Mağaranın ağzı ışıklı bir yola bakıyor.
MAĞARANIN içinde insanlar var.
Ama kollarından, bacaklarından ve boyunlarından zincirlenmişler, yüzleri duvara doğru dönük, Işığı göremiyorlar.
Mağaranın ağzından bir çok nesne geçiyor, nesnelerin gölgesi mağara duvarlarına vurmakta,
insanlar sadece bu nesnelerin gölgelerini görebiliyorlar ve gölgeleri gerçek sanıyorlar. Onlar için gerçeklik, gerçekliğin duvara yansıyan gölgesinden öte değil,
Şimdi bu insanlardan birinin zincirleri kırmayı başardığını ve yüzünü mağaranın ağzına döndüğünü düşünün.
Ne olur?
Önce gözleri kamaşır aydınlıktan, hiçbir şey göremez.

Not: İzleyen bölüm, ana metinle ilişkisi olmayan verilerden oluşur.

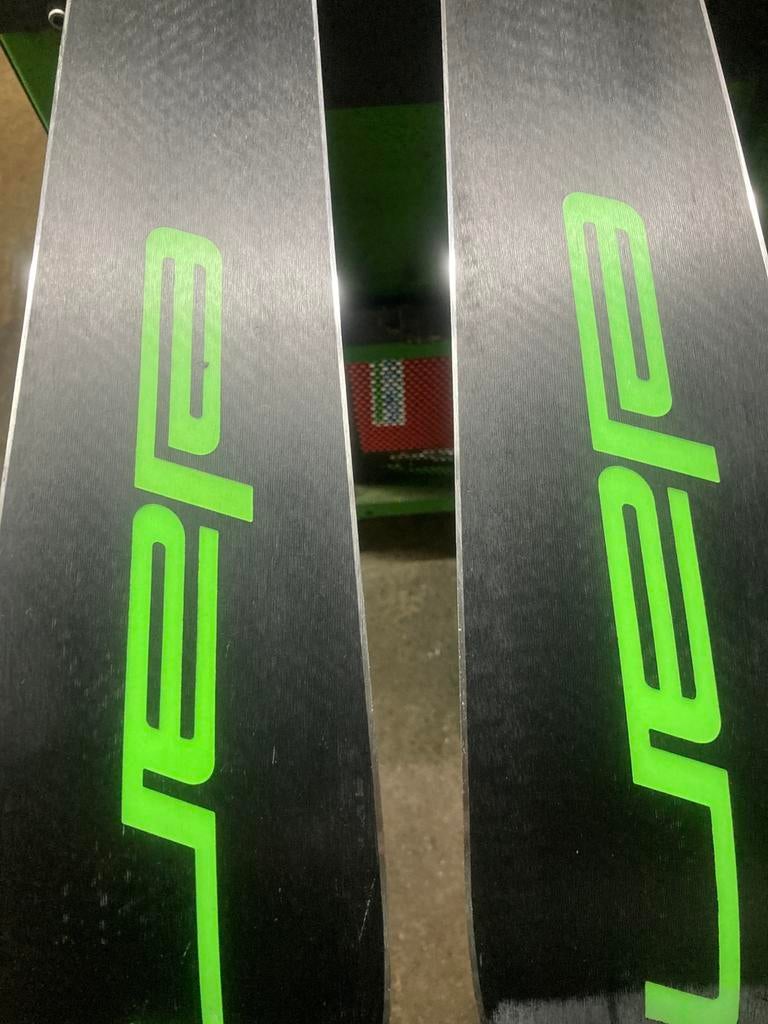 Elan Amphibio 16 op 1.72 ZGAN, 160 tot 180 cm, Zo goed als nieuw, Ski's, Ophalen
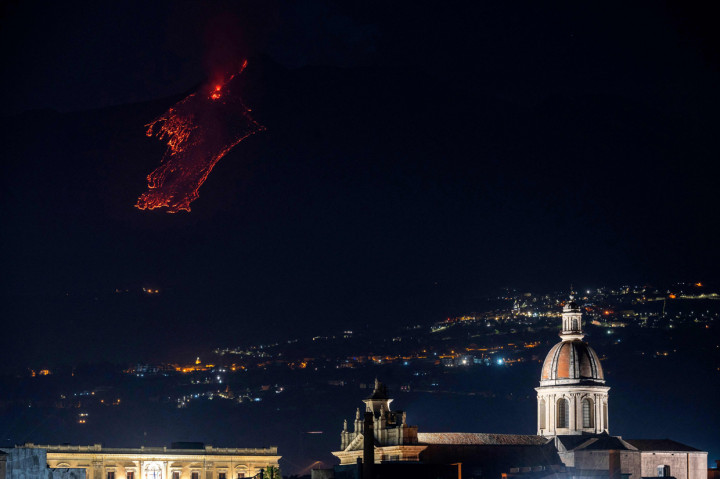Gunung Etna kembali meletus dan semburan lava panasnya menerangi langit Sisilia, Italia.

Ama gözleri ışığa alışınca gerçeklikle yüzleşir. İşte mağaranın ve duvarındaki gölgeler duyularımızla gördüğümüz, kavradığımız dünyadır.
Bu gölgelerle yetinmeyip başını ışığa çeviren insan, duyular aleminden düşünce alemine yol yol alan bilgedir.

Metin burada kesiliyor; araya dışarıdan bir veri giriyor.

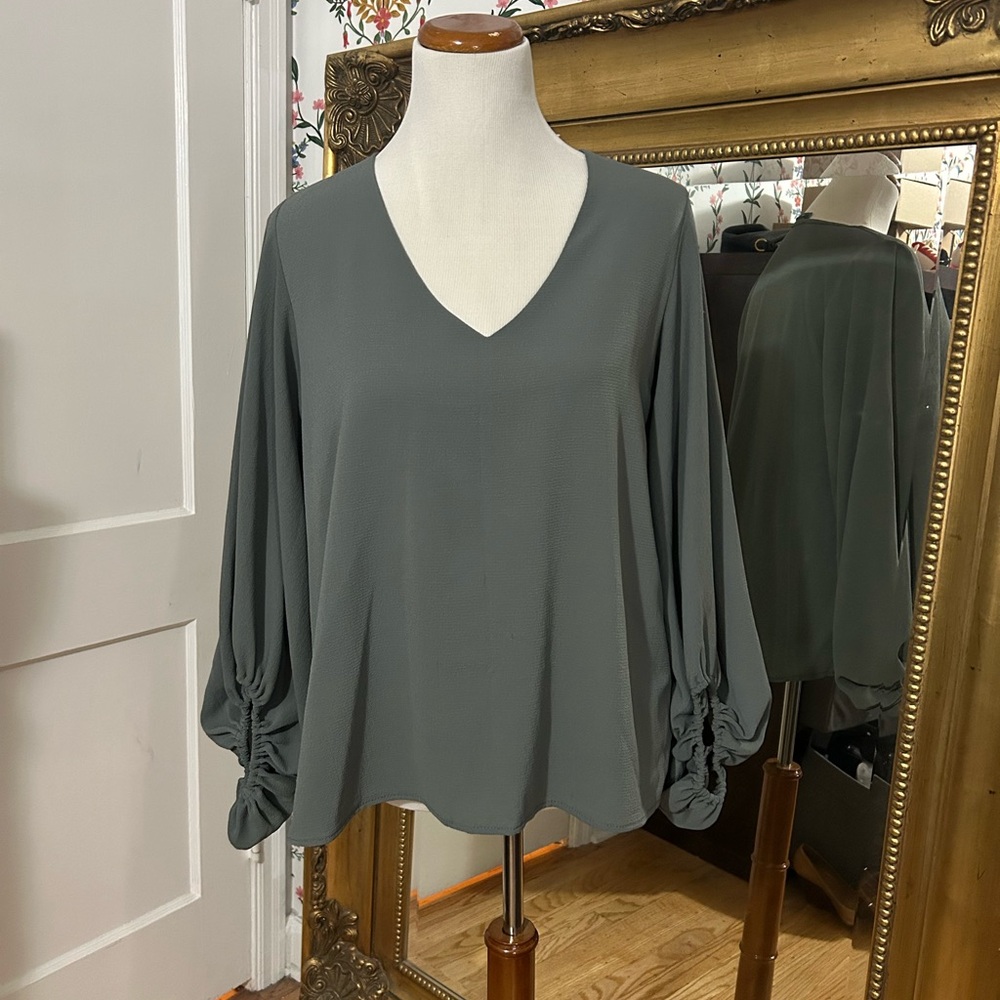 Vici Green Ruched 3/4 Sleeve Blouse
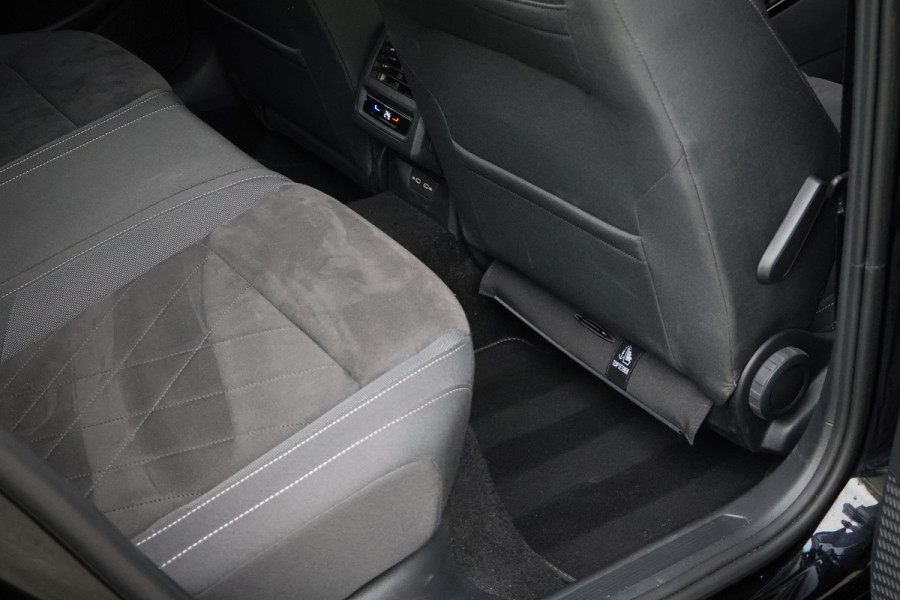 Volkswagen Golf Variant 1.5 eTSI Style | MEMORY SEATS | MASSAGE | STOELVERWARMING | ADAPTIVE CRUISE | SFEERVERLICHTING | APPLE CARPLAY |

Platon'un bu mağara istiaresi, duyularla algılanan dünya ile tefekkür ile algılanan ideler (soyut düşünce) alemini birbirinden ayırır.
Bu istiareye göre duyuların bilgisi ile yetinmeyen tefekkür,
İnsanın ışıkla yani hakikatle ve gerçeklikle yüzleşmesini sağlar.
Ne var ki gerçeklikle yüzleşen insan, çoğu zaman yalnızdır ve yalnızlık içinde tutuklu tek başına kalması kaçınılmazdır.
Zira Işığı gören insanın tekrar mağaraya döndüğünü varsayarsak, mağaraya dönüp diğer insanlara gerçekliği ve hakikati anlatan insan, onların kendi dilini anlamadıklarını hemen fark edecektir.
Sadece mağaranın ve duvarına yansıyan gölgelerin bilgisine sahip bulunan insanlar,ışığa bakan Bilge'nin bilgisine uzaktırlar.